(Short web captions)
=== Section Start ===
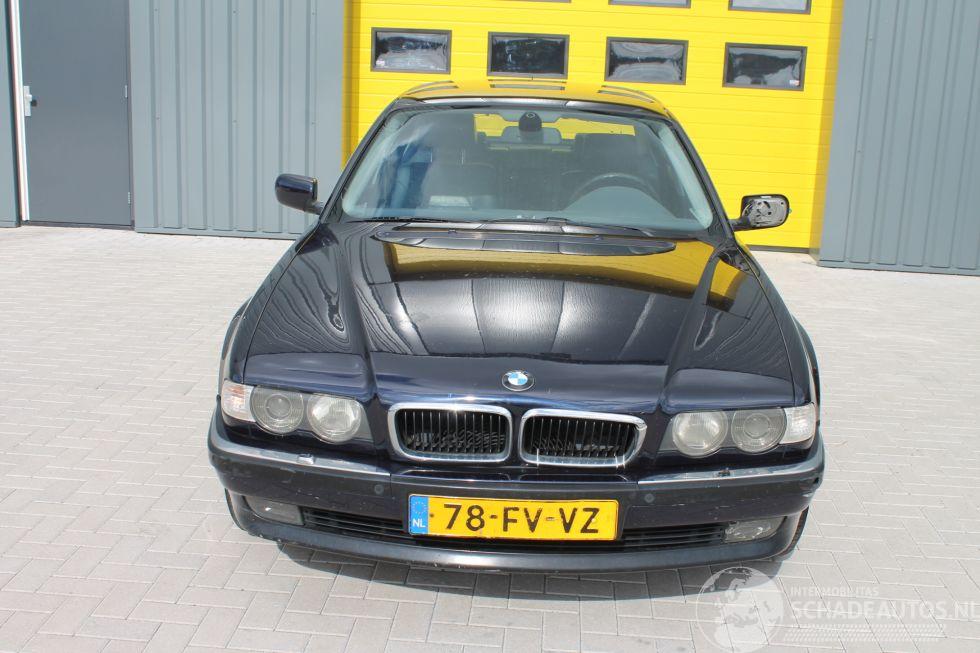 BMW 7-serie 730D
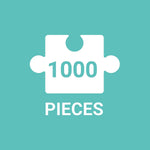 Avian Friends 1000 Piece Jigsaw Puzzle by Galison; Zlatkis. Geninne D. 9780735333413_3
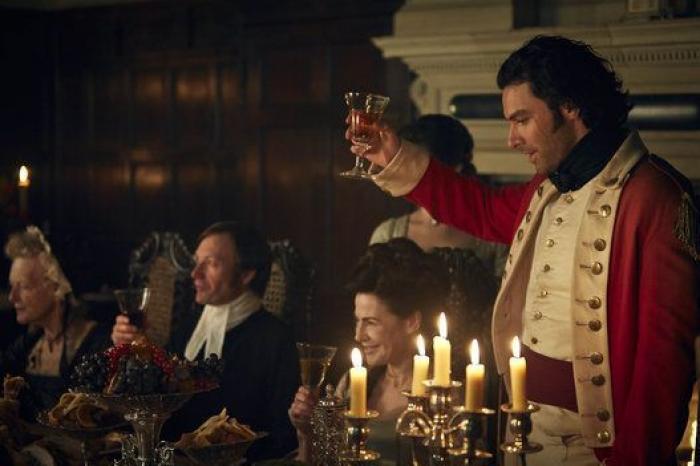 El gazapo en esta imagen de una serie histórica de la BBC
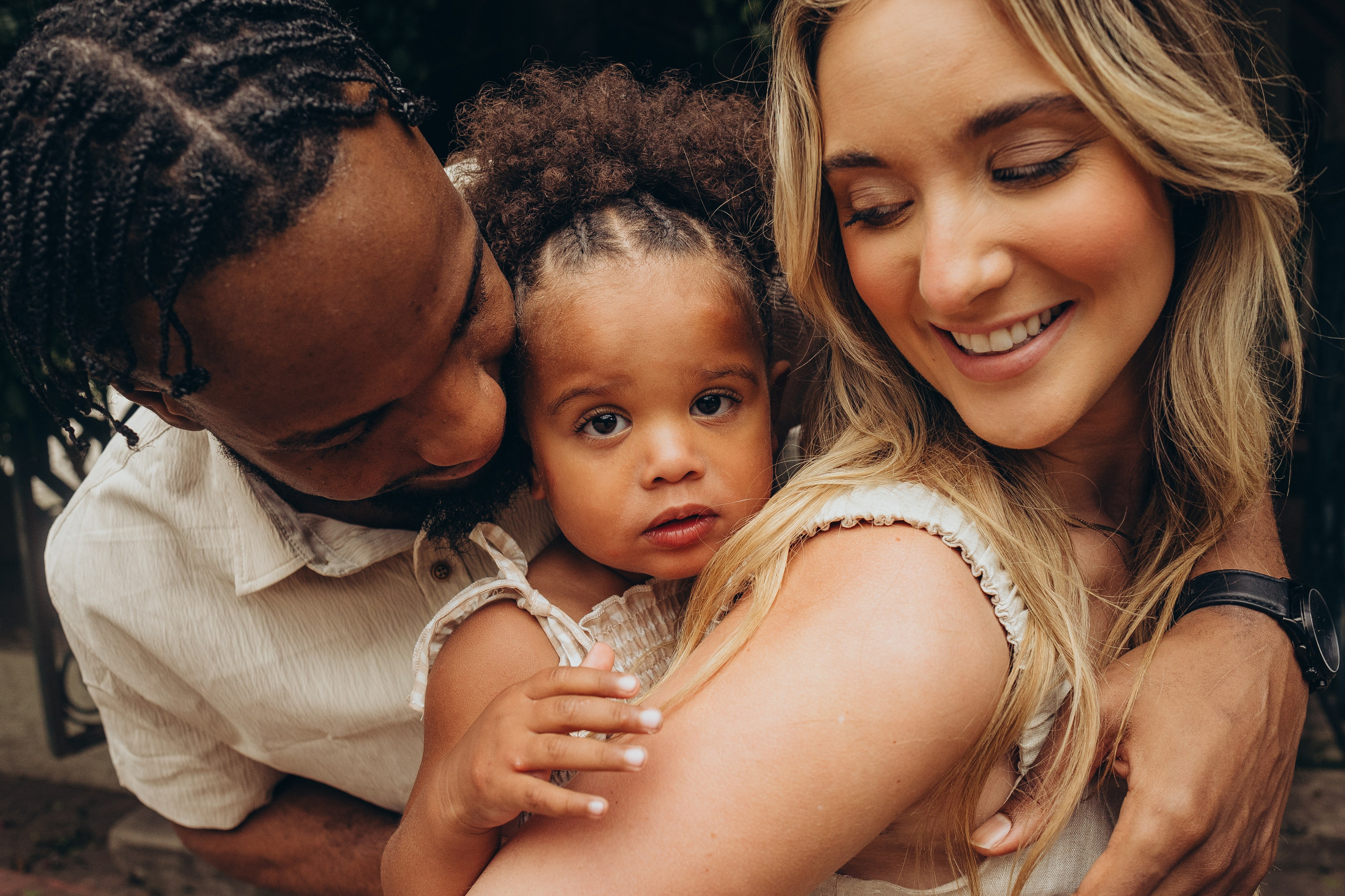 Cecil, Samantha & Zaniyah. Irina Krokhaleva. Family & couple photographer in Yekaterinburg, Russia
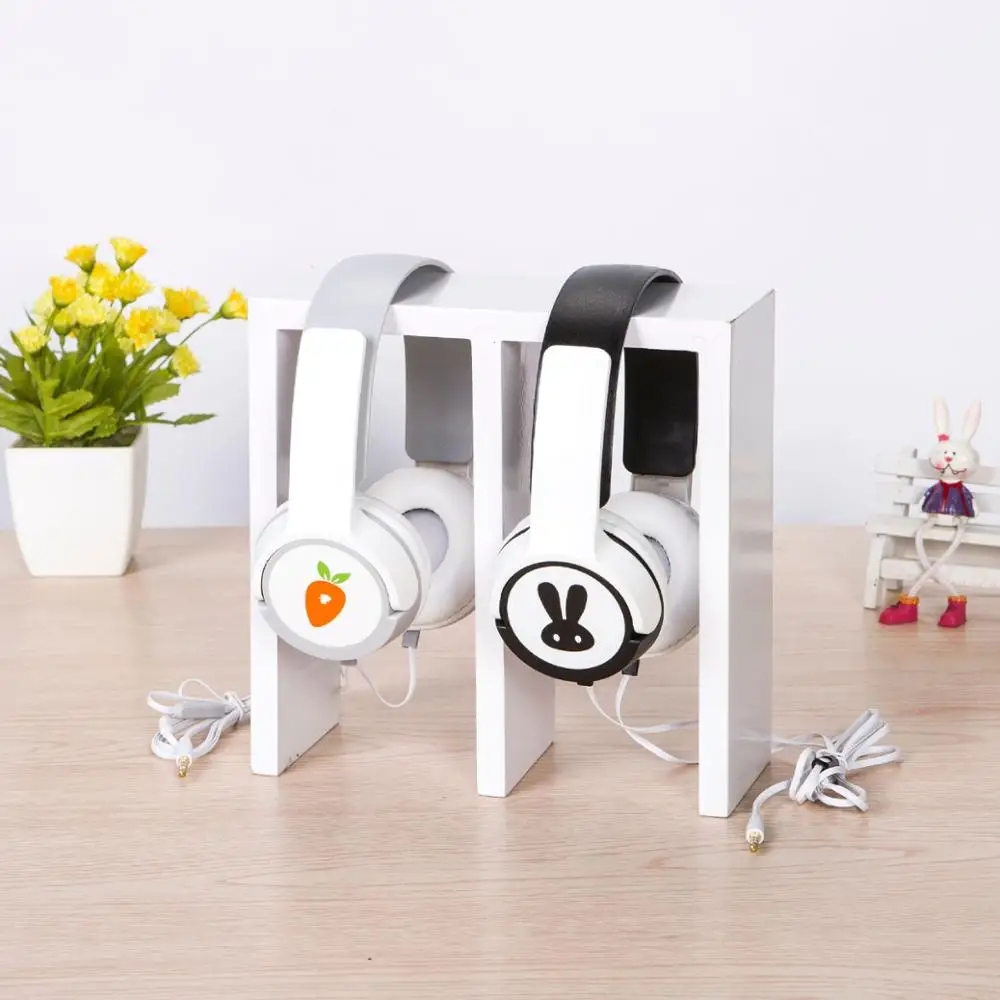 Новый Ай 14 на головке с изображениями героев мультфильмов (кролик) гарнитура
=== Section End ===
# Description of the task:
All lines from the one bearing "Avian Friends 1000" through the last line of the records, and only those, should be duplicated exactly; no picture belongs in the copy.

# Task output:
 Avian Friends 1000 Piece Jigsaw Puzzle by Galison; Zlatkis. Geninne D. 9780735333413_3
 El gazapo en esta imagen de una serie histórica de la BBC
 Cecil, Samantha & Zaniyah. Irina Krokhaleva. Family & couple photographer in Yekaterinburg, Russia
 Новый Ай 14 на головке с изображениями героев мультфильмов (кролик) гарнитура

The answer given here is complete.